EU directive pushes up life insurance costs for women
NEW rules to stop financial discrimination have seen the cost of life insurance shoot up for women.
The EU-imposed measures ban premium prices being set on the basis of gender.
But women have been the big losers, with the cost of life insurance and mortgage protection policies rising by up to 25pc. Men have seen the cost of their premiums fall by close to 30pc, an analysis of the market carried out by Caledonian Life shows.
The EU Gender Directive was introduced here at the end of 2012 to stop insurers charging different premiums based on gender.
Traditionally, women paid less for life insurance and mortgage protection policies – a form of life insurance that pays out if the mortgage holder dies.
Women used to pay less than men for life insurance because they live longer and are therefore less likely to die during the life of the policy, leading to a payout.
Men die younger, leading to a higher risk of payout by an insurer, insurance experts said.
Caledonian Life looked at the cost of life cover over the past five years and found costs for men have fallen by between 8pc and 28pc.
Costs for women have gone up by between 1pc and 25pc, according to Rachel Purcell of Caledonian Life.
The results vary depending on whether the person insured smokes or not.
Ms Purcell said: "It would clearly appear that the EU Gender Directive has had the impact that was expected when it was instituted – both male and females now pay the same price for life cover.
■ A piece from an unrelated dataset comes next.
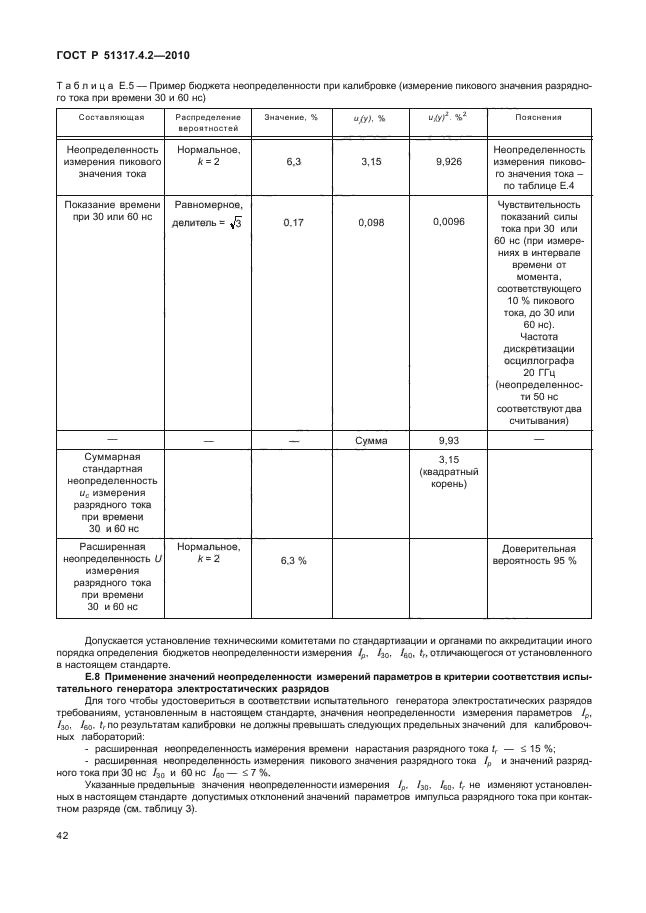 ГОСТ Р 51317.4.2-2010,  48.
"Unfortunately for females, that has meant an increase in what they would have had to pay for the same policy in the past, up to 25pc more in some cases," Ms Purcell said.
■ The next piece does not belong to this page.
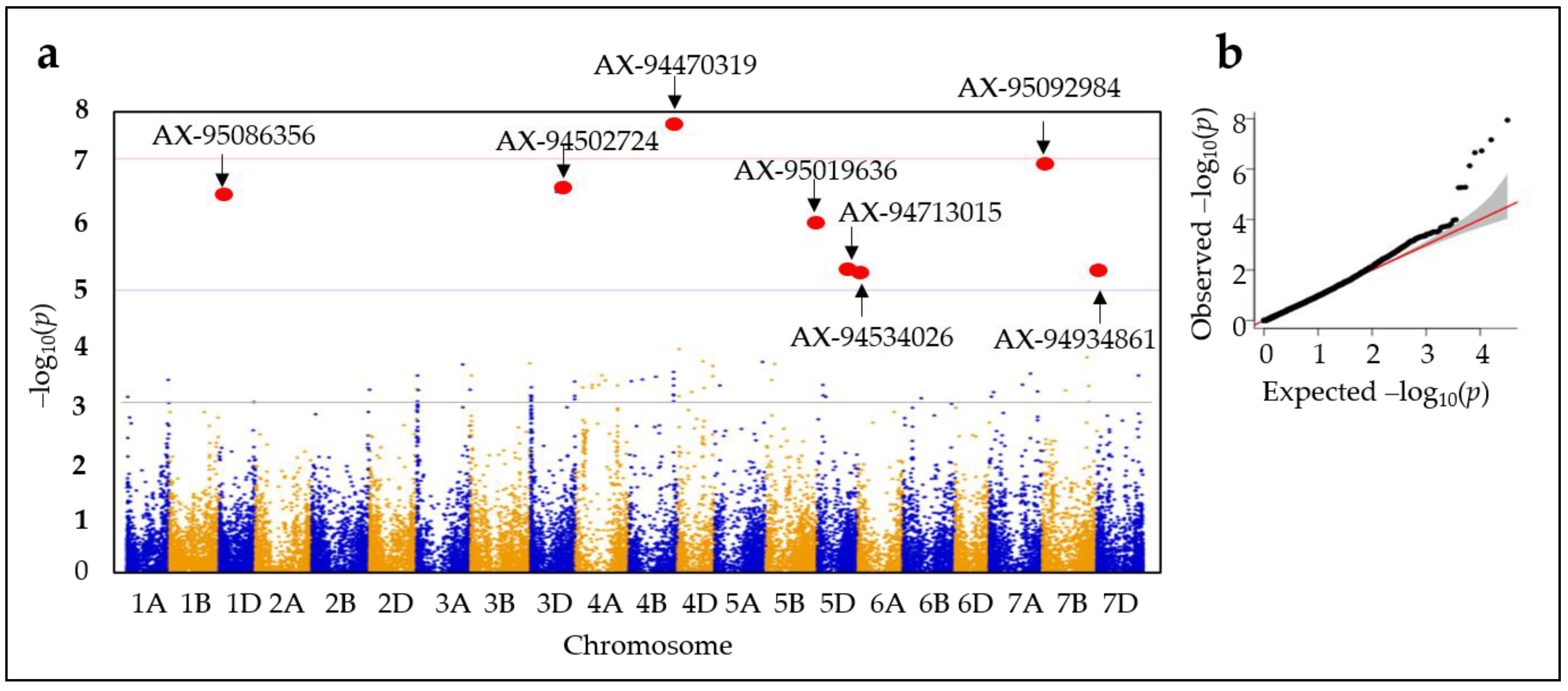 Plants 12 00184 g003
She said men have fared better in recent years with marked reductions. The life insurance market has also seen a fall in the cost of premiums due to people living longer and greater competition in the market.
"The public should remember that life cover is still extremely affordable, and much cheaper than they may expect. In fact, €240,000 worth of life cover is available from as little as €15.15 per month for 20 years, for a 30-year-old non-smoker. That's under €4 a week – less than what some people spend on coffee every day," she said.
The gender directive has also seen women lose out on motor insurance.
Traditionally, they paid less because they tend to have fewer claims, but the new directive has seen premiums rise for women, particularly younger women.